GOAL OF THE EXERCISE: From the data below, return only the lines from the one with "10.11.2024 Ordentliche Jahreshauptversammlung" through the one with "building community through", exact and inclusive, with pictures left out.

SUPPLIED MATERIAL:
# # # #
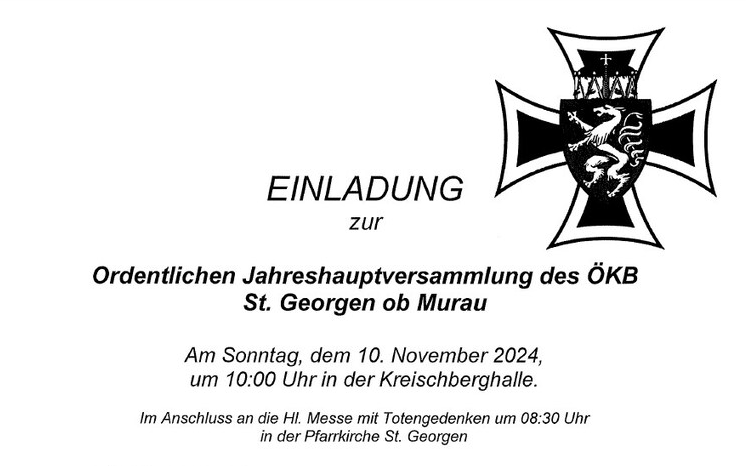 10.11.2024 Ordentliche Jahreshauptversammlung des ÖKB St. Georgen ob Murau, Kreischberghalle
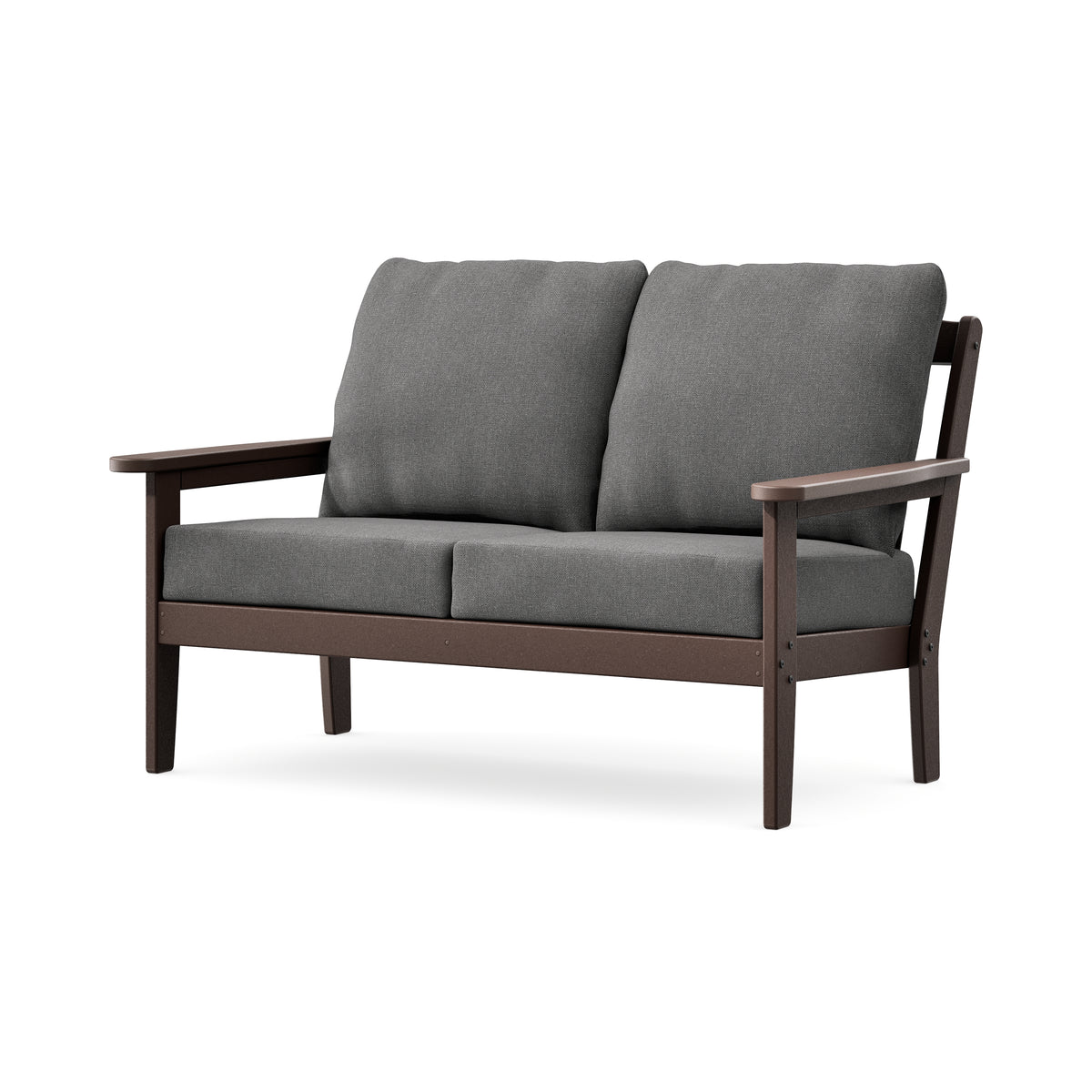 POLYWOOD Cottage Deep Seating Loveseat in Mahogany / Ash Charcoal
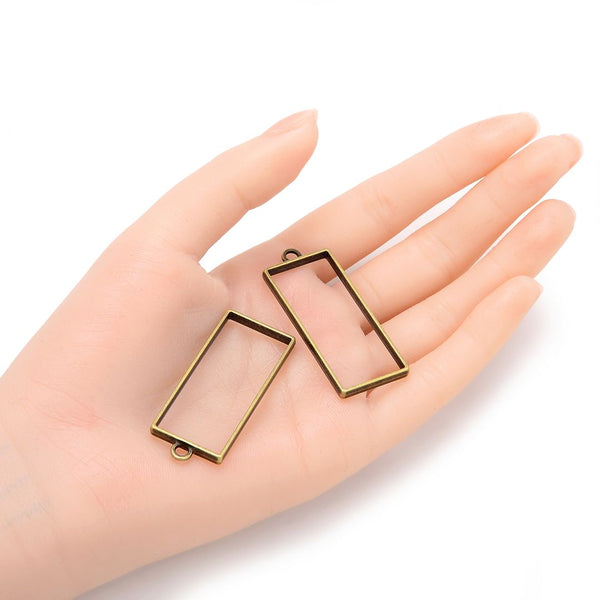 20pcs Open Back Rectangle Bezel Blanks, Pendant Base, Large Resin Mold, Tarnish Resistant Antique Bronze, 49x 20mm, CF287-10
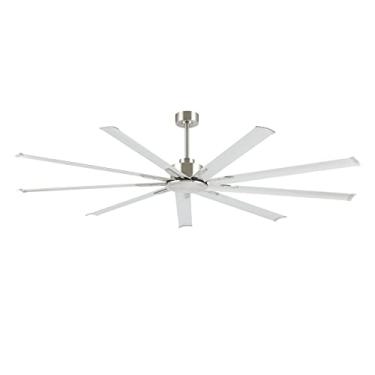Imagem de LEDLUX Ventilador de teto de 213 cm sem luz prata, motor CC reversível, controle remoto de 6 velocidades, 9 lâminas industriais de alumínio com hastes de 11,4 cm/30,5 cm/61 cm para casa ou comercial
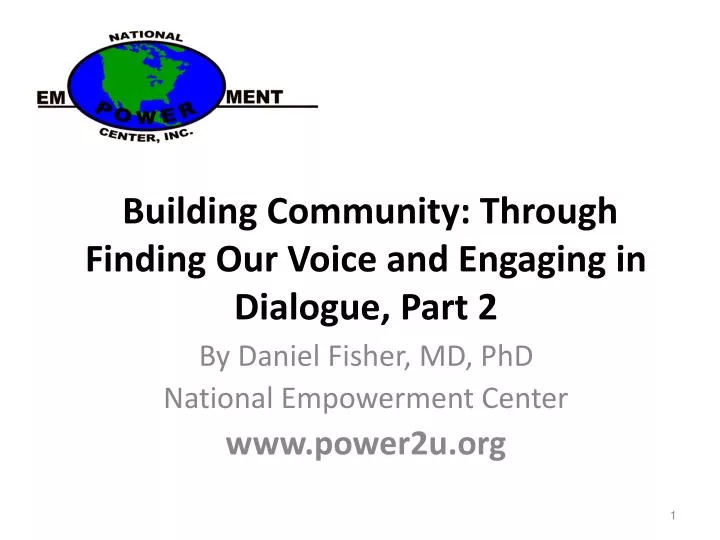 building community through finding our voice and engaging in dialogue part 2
# # # #
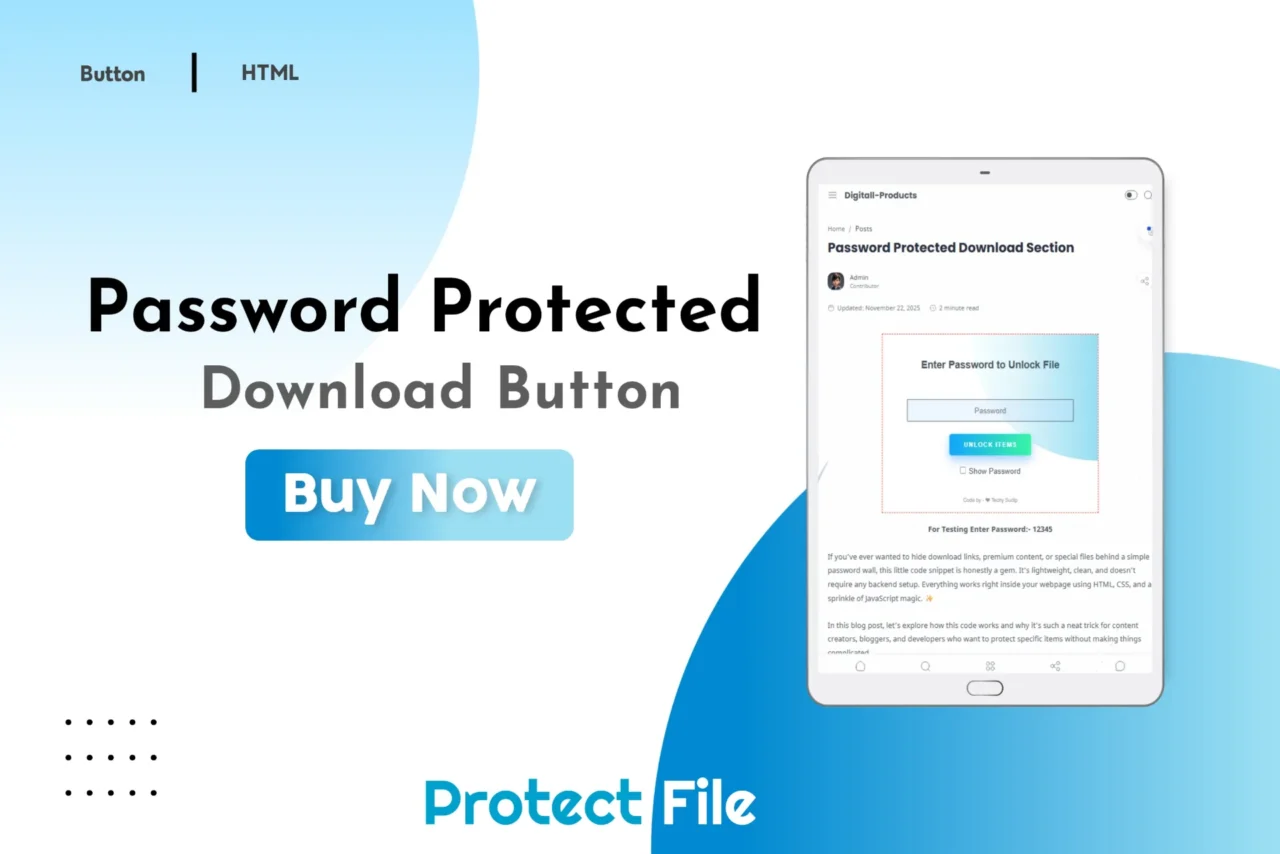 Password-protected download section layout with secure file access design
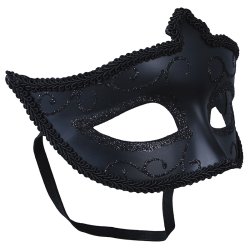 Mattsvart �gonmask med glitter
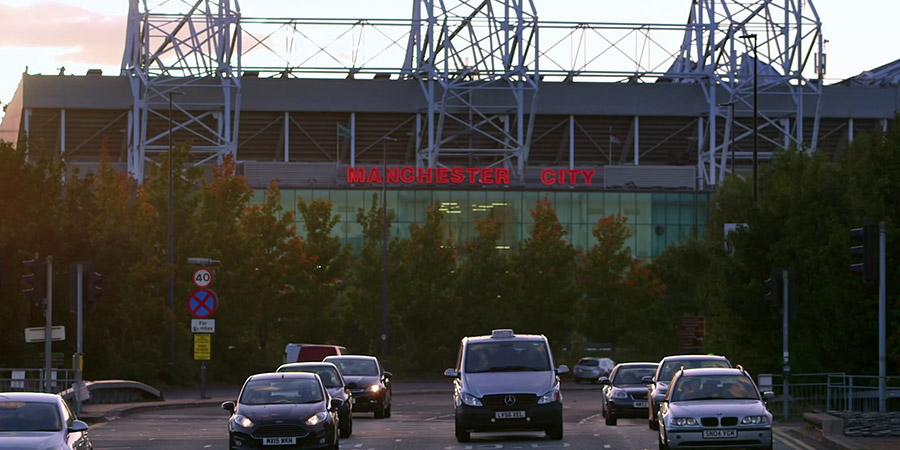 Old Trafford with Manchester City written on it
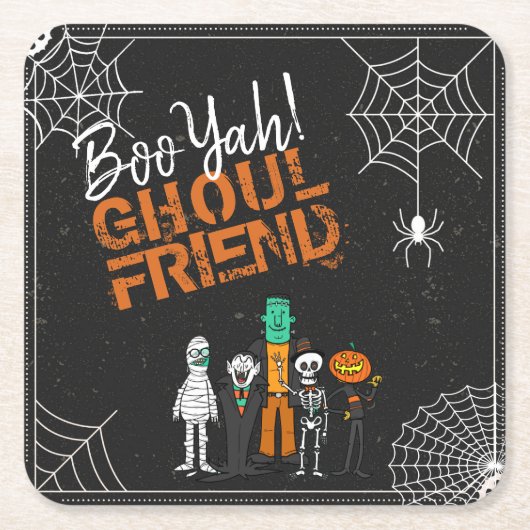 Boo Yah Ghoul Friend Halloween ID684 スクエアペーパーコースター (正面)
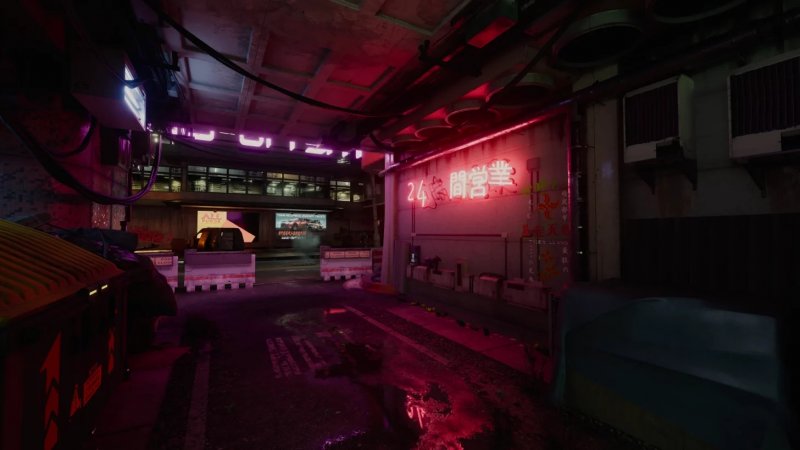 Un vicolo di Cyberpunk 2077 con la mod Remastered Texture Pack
# # # #
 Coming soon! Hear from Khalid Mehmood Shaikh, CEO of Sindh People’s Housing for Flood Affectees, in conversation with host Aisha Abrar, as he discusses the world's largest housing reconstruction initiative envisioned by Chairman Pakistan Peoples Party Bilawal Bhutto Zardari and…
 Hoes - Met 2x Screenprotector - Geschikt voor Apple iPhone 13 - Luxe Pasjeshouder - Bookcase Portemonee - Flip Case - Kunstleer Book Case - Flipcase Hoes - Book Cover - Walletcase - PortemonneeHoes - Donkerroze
# # # #
ANSWER TO THIS PROBLEM:
 10.11.2024 Ordentliche Jahreshauptversammlung des ÖKB St. Georgen ob Murau, Kreischberghalle
 POLYWOOD Cottage Deep Seating Loveseat in Mahogany / Ash Charcoal
 20pcs Open Back Rectangle Bezel Blanks, Pendant Base, Large Resin Mold, Tarnish Resistant Antique Bronze, 49x 20mm, CF287-10
Imagem de LEDLUX Ventilador de teto de 213 cm sem luz prata, motor CC reversível, controle remoto de 6 velocidades, 9 lâminas industriais de alumínio com hastes de 11,4 cm/30,5 cm/61 cm para casa ou comercial
 building community through finding our voice and engaging in dialogue part 2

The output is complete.